Beginning in February 1945, extensive firebombing raids are conducted over Japan, concentrating on the capital Tokyo and the cities of Nagoya, Osaka and Kobe. The raids result in the deaths of tens of thousands of civilians. The most devastating raid occurs over Tokyo on the night of 9-10 March 1945. About 100,000 people are killed, around one million are left homeless and almost half the city is burnt to the ground.

Meanwhile, Roosevelt wins a fourth term as president with a reduced but still substantial majority. However, he is suffering from serious heart and circulatory problems and his health is failing.

Putting aside his health concerns, Roosevelt continues to plan for the future of the US and the world once the war is over. His central goal is the formation of the United Nations (UN).

From August to October representatives of Britain, China, the Soviet Union, the US meet at Dumbarton Oaks, Washington, to develop proposals for the new international body.

1945 - From 4 February to 11 February Roosevelt again meets with Churchill and Stalin. The conference, held near Yalta in the Crimea, reaffirms the commitment of the Allies to the destruction of German militarism and Nazism.

It is agreed that a conquered Germany will be divided into three zones of military occupation. Soviet forces will remain in Eastern Europe until free elections are held and the people are allowed to choose the form of government under which they will live. A meeting will be held in San Francisco in April to prepare the charter for the UN.

During the conference, Roosevelt also convinces Stalin to commit Soviet forces to the war against Japan.

Roosevelt travels to his cottage in Warm Springs at the end of March to rest. On 12 April, while sitting for a portrait, he suffers a massive cerebral haemorrhage. He dies a few hours later. The same day Vice President Harry S. Truman is sworn in as president.

Roosevelt's body is carried by train from Warm Springs to Washington for a memorial ceremony. Two million mourners line the tracks. He is buried in the rose garden at his home in Hyde Park.

Both Churchill and Stalin are stunned by Roosevelt's death. "I feel so deeply for you all," Churchill writes to Eleanor Roosevelt. "As for me, I have lost a dear and cherished friendship which was forged in the fire of war. I trust you may find consolation in the glory of his name and the magnitude of his work."

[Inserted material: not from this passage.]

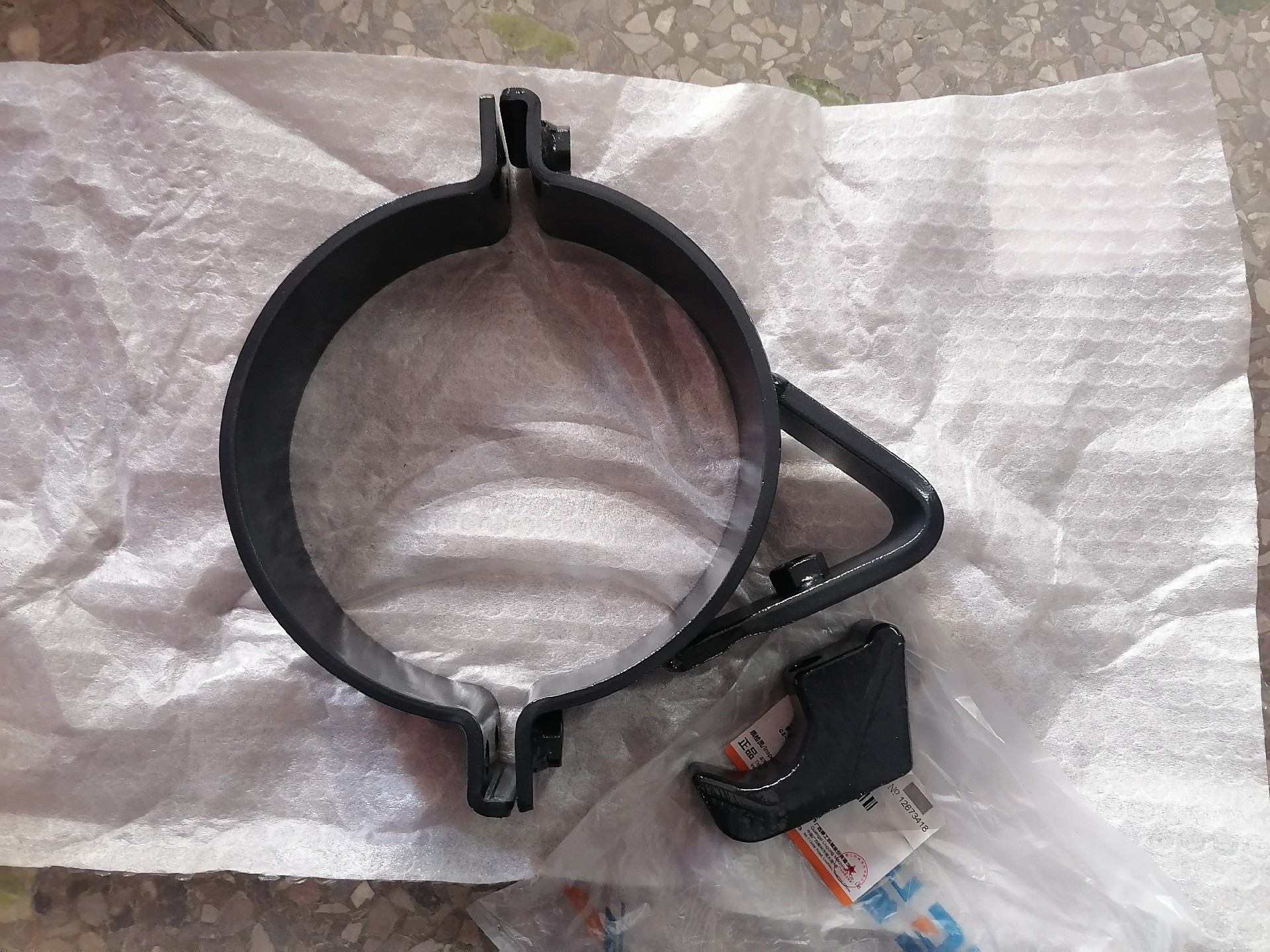 09C2185 Bucket cylinder tube clamp plate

On 7 May, less than one month after Roosevelt's death, Germany surrenders unconditionally. Three months after that, on 15 August, Japan also surrenders.

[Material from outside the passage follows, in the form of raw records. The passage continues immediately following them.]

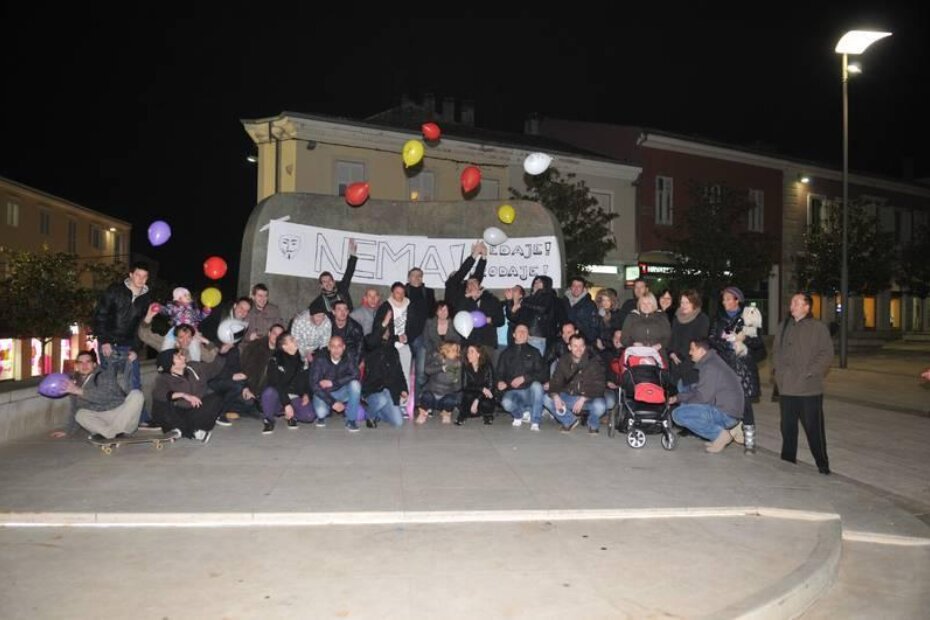 Fotografija sa protestnog okupljanja na Trgu slobode prije dva tjedna, 1. veljače 2013.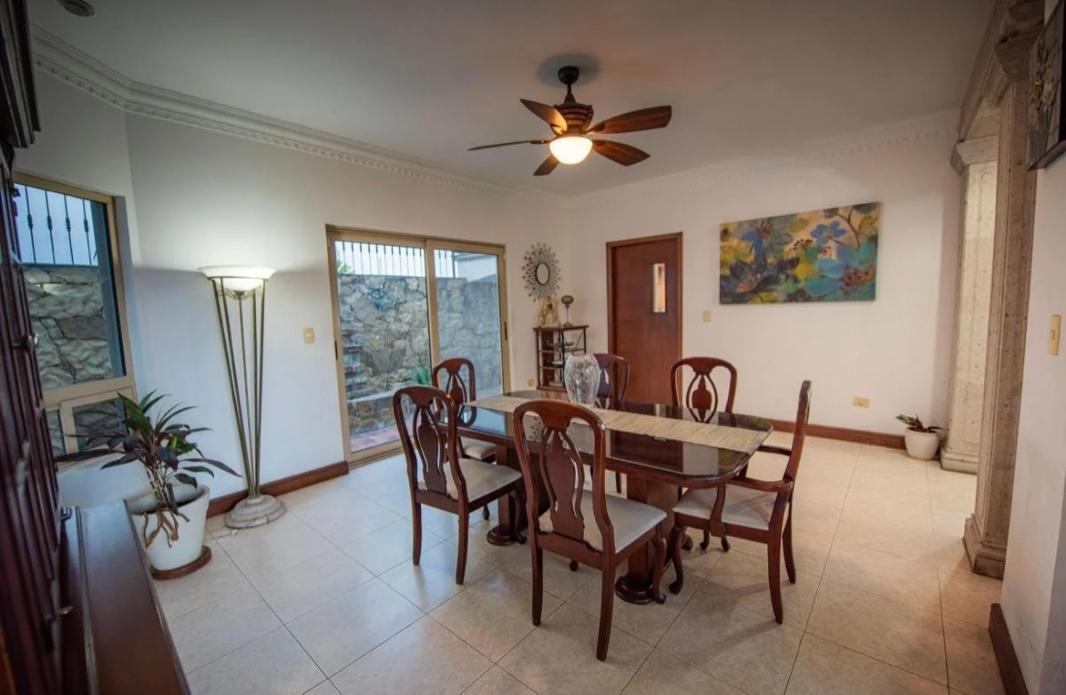 Las Lajas, Monterrey, Nuevo León, 64638, Mexico, 4 Bedrooms Bedrooms, ,5 BathroomsBathrooms,Residential,For Sale,Las Lajas,1444462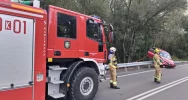 Zderzenie na DW 968. Jeden pojazd dachował - zdjęcie 2
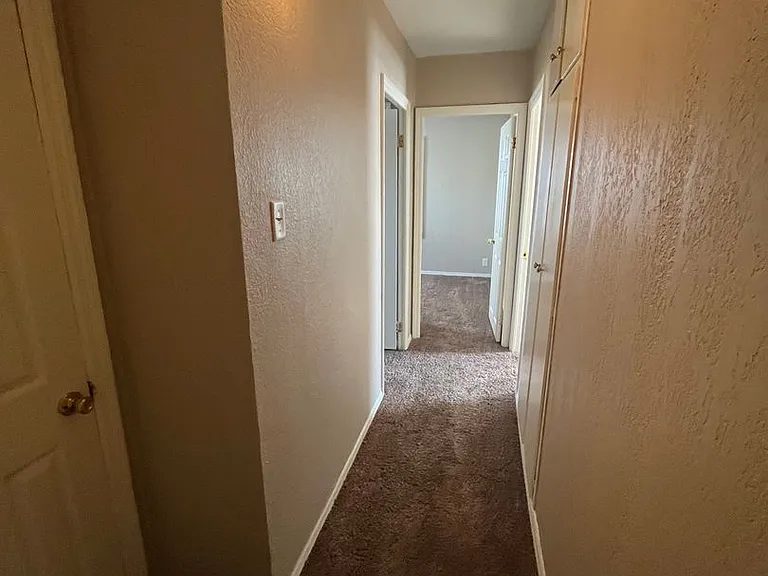 1236 Scott Ave — Photo 7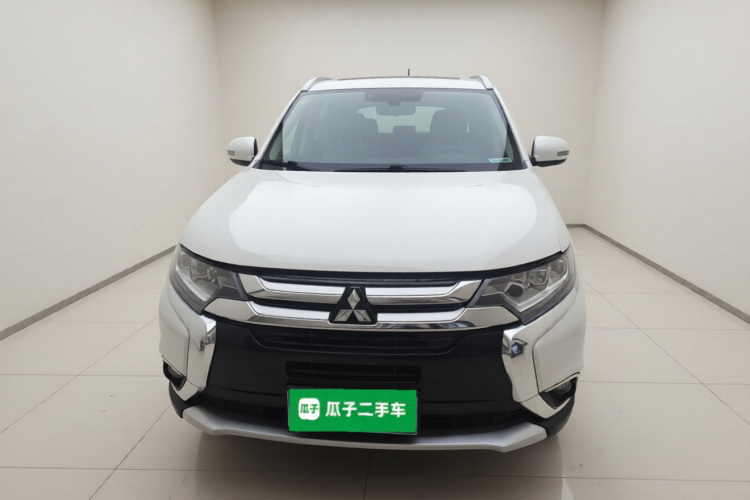 三菱 欧蓝德 2018款 2.4L 四驱豪华版 7座车身外观2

Stalin fails to honour the agreement made at Yalta and does not allow free and fair elections in the Eastern European countries the Soviets occupy after the war. An Iron Curtain falls across Europe and a Cold War develops between the USSR and the West.

A conference to draw up the United Nations Charter is held in San Francisco in the middle of 1945. The Charter is signed on 26 June 1945 by the representatives of the 50 countries attending the conference.

The United Nations officially comes into existence on 24 October 1945, when the charter is ratified by the majority of its 50 signatories.


Roosevelt's solution to the social devastation of the Great Depression offers an interesting counterpoint to that adopted in Europe in general and Germany in particular. Roosevelt's brand of democratic socialism was tolerant and supporting. The national socialism of Germany's Nazi Party was rigid and expansionist. Both solutions were inadequate and the economies of both countries were in the end only completely restored by the outbreak of war. But it was national socialism that started the conflict and democratic socialism that helped to end it.